Factify.ai: The Story Behind Building an AI-Powered Social Media Fact-Checker

Inspiration

We were scrolling through social media platforms such as Twitter, Instagram, and Facebook when we kept seeing fake news and misinformation. What if we could fact-check any social media post with just one click?

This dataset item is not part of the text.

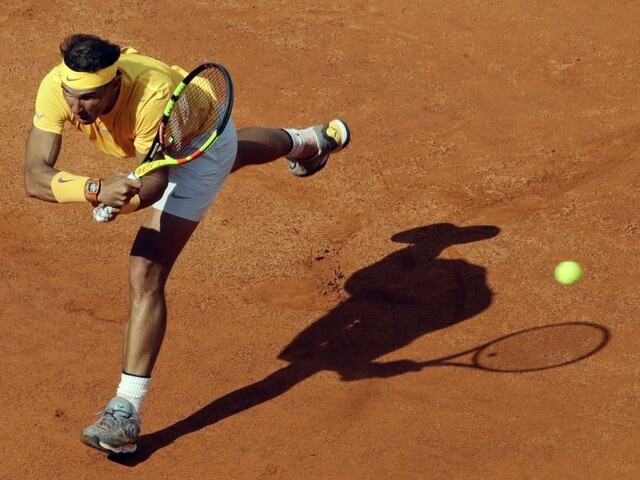Nadal postúpil do štvrťfinále, poradil si s Kanaďanom Shapovalovom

No more copying and pasting text into search engines. No more manual verification. Just click, and get AI-powered analysis with credible sources, right where you're already consuming content.

What it does

Factify.ai is a comprehensive Chrome Extension (Manifest V3) paired with a Next.js backend that provides instant AI-powered fact-checking for social media posts. Here's what it does:

For Users

  • One-Click Fact-Checking: Simply click a "Fact Check" button that appears on every post across Twitter/X, Instagram, and Facebook
  • AI-Powered Analysis: Uses Google Gemini 2.5 Flash Lite to extract 2-3 verifiable claims from posts and analyzes each one
  • Source Verification: Automatically finds credible sources using Google Search grounding, providing links, credibility scores (1-10), and relevance ratings
  • Image Intelligence: Extracts and analyzes text from images using Gemini Vision API, so even memes with text overlays get fact-checked
  • Credibility Scoring: Provides detailed ratings (1-10) for each claim and an overall post assessment with labels like "True", "Likely False", "Mixed", or "Unverifiable"
  • Beautiful Interactive UI: Shows results in an elegant overlay with expandable claims, source citations, and confidence levels

Technical Capabilities

  • Multi-Platform Support: Works seamlessly across Twitter/X, Instagram, and Facebook with platform-specific DOM detection
  • Secure Authentication: Firebase Google OAuth with session cookies for cross-origin security
  • Usage Tracking: Free tier with daily limits; Pro tier with unlimited fact-checks
  • Real-Time Processing: Handles claim extraction, fact-checking, and source finding in seconds

How we built it

The architecture follows a three-tier system:

1. Chrome Extension (Frontend)

Technology Stack: JavaScript, Chrome Extensions API (MV3), HTML/CSS

The extension consists of three main components:

  • Content Script (content.js): Detects the current platform (Twitter/Instagram/Facebook), injects fact-check buttons into every visible post using platform-specific CSS selectors, extracts post text and images, and displays the results in a beautiful overlay UI
  • Background Service Worker (background.js): Handles all API communication, image fetching and base64 conversion, bridges Chrome's Prompt API (LanguageModel) for claim extraction, and manages authentication state
  • Popup Interface (popup.js/popup.html): Shows user status, daily statistics, sign-in options, and upgrade prompts

Key Implementation Details:

  • Platform detection using URL matching and DOM structure analysis
  • Dynamic button injection that adapts to each platform's UI patterns
  • Asynchronous message passing between content script and background worker
  • Image processing pipeline that converts images to base64 for API transmission

2. Next.js Backend (API Server)

Technology Stack: Next.js 14 (App Router), TypeScript, Node.js

The website provides RESTful API endpoints:

  • /api/fact-check: Main endpoint that receives text and claims, performs fact-checking using Gemini API with Google Search grounding, and returns structured results
  • /api/image-extraction: OCR endpoint that extracts text from images using Gemini Vision API
  • /api/auth/*: Multiple authentication endpoints supporting Firebase ID tokens, session cookies, and JWTs
  • /api/me and /api/me/limits: User information and quota management

Architecture Highlights:

  • Server-side authentication using Firebase Admin SDK
  • JWT tokens with 24-hour expiration; session cookies with 14-day expiration
  • CORS protection configured for extension origins and website domain
  • Input validation and sanitization on all endpoints
  • Server-side quota enforcement to prevent abuse

3. Firebase & Firestore (Backend Services)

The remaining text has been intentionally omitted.